Part 2 of a 3 part post on my first week of teaching in a Chinese middle school.
Read part 1.
It just so happens that 4 out of 7 GC students here want to be teachers, and while I am the only one who has had my student teaching experience, 4 of us are more comfortable than the others. Therefore, they don’t see the current “method” of scheduling us to teach as an issue, because they think we generally do very well. I think they see us all as good teachers just because we teach the only way we know to teach – the American way, which is much more affective than the Chinese way (which is simply copying the teacher, and the teacher reading the the lesson straight from the book, word for word). It is not creative. It is not engaging. It is down-right boring. Students chant monotonous words or sentences after the teacher to “learn” the information.
I have been asked to mainly teach the lowest level of English learners: Junior, Grade 1. These students are maybe 7,8,9,10, or 11 years old. Mostly 8-10 years old, and have learned English for about a month. I don’t speak enough Chinese to communicate with them and they don’t really understand my English. It’s pretty hard to teach and I have no idea how to teach new English-learners. The older classes (Senior Grade 1-4) can communicate with us pretty well, have solid conversations with us, and benefit from us more.

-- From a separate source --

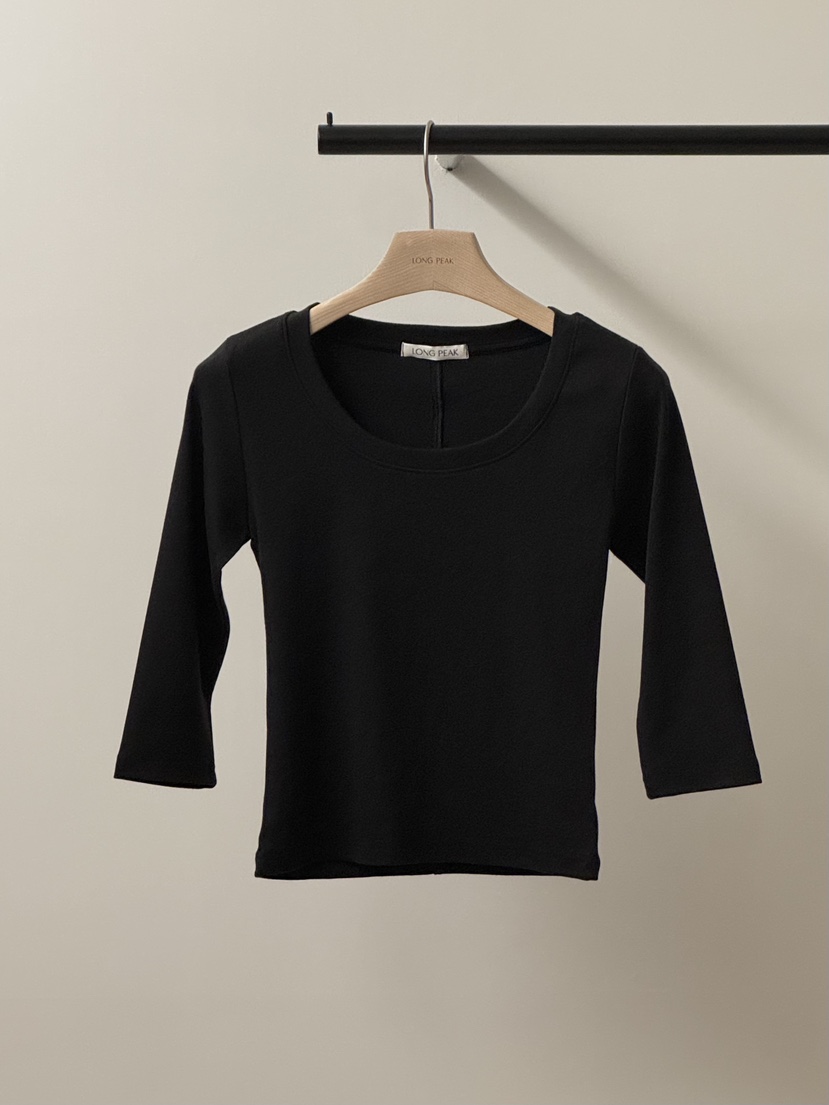 LONG PEAK韓國代購女士新品休閑26春夏人氣職業時尚熱賣T恤LONG PEAKT恤圖色3黑色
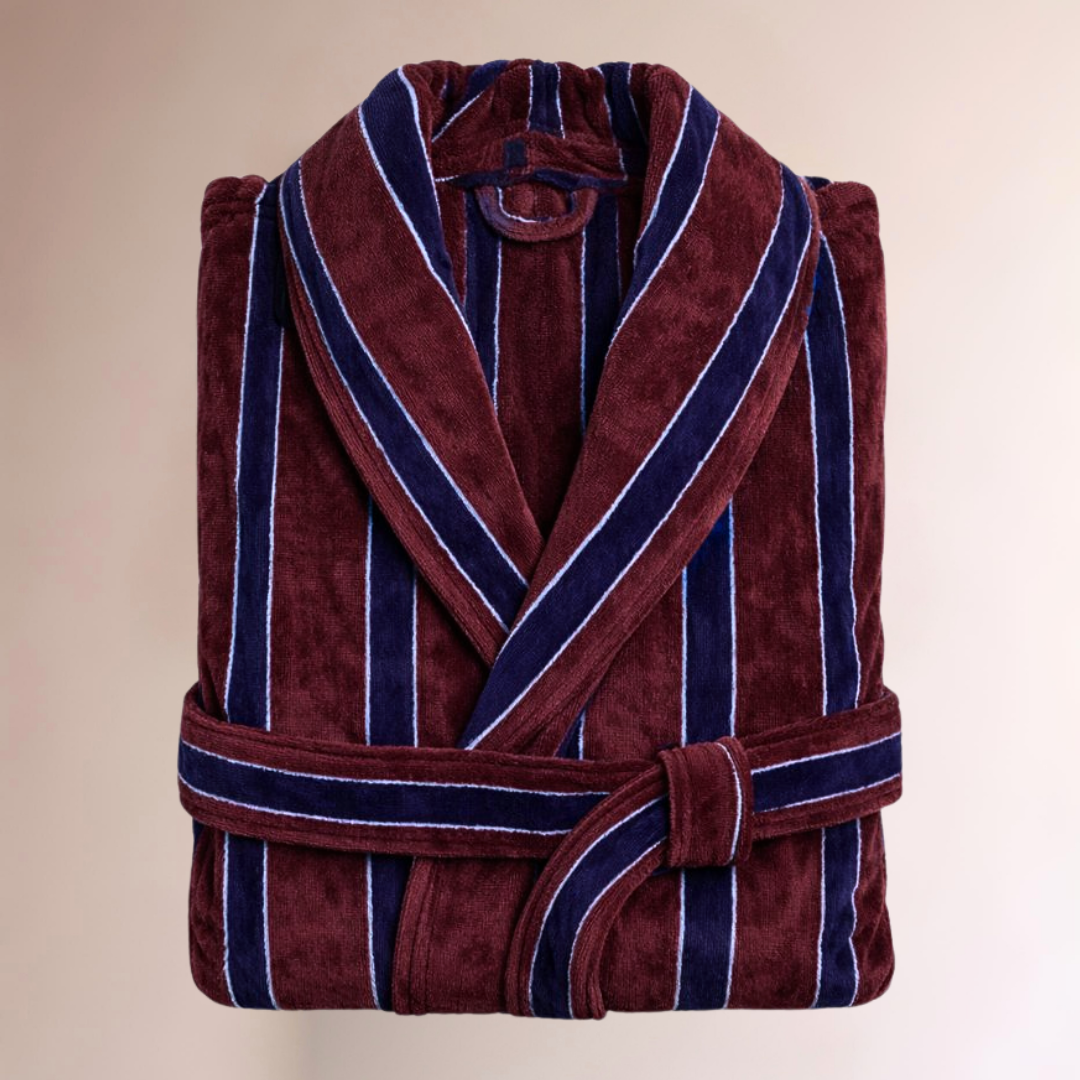 Stripe Premium 100% Cotton Men's Bathrobe Navy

The students treat us even more like celebraties than we ever experienced in Nanchong. They run up to us and grab our hands and ask us to be their friend, sign their paper, take a picture with them, give them our phone number and e-mail address, and about 1,483 other questions. They follow us and stop us and make it hard for us to go anywhere. They take pictures or movies of us in class with their phones. During breaks between classes when teachers are grabbing us and pulling us every-which-way, students are filling us the room, backing us/trapping us into a corner and yelling at us to talk to them and be their friend. Some teachers act as bodyguards for us and some have to blow whistles constantly to get them to leave the office, and that doesn’t always work. And whistles are supposed to be used for really serious situations. It.is.intense.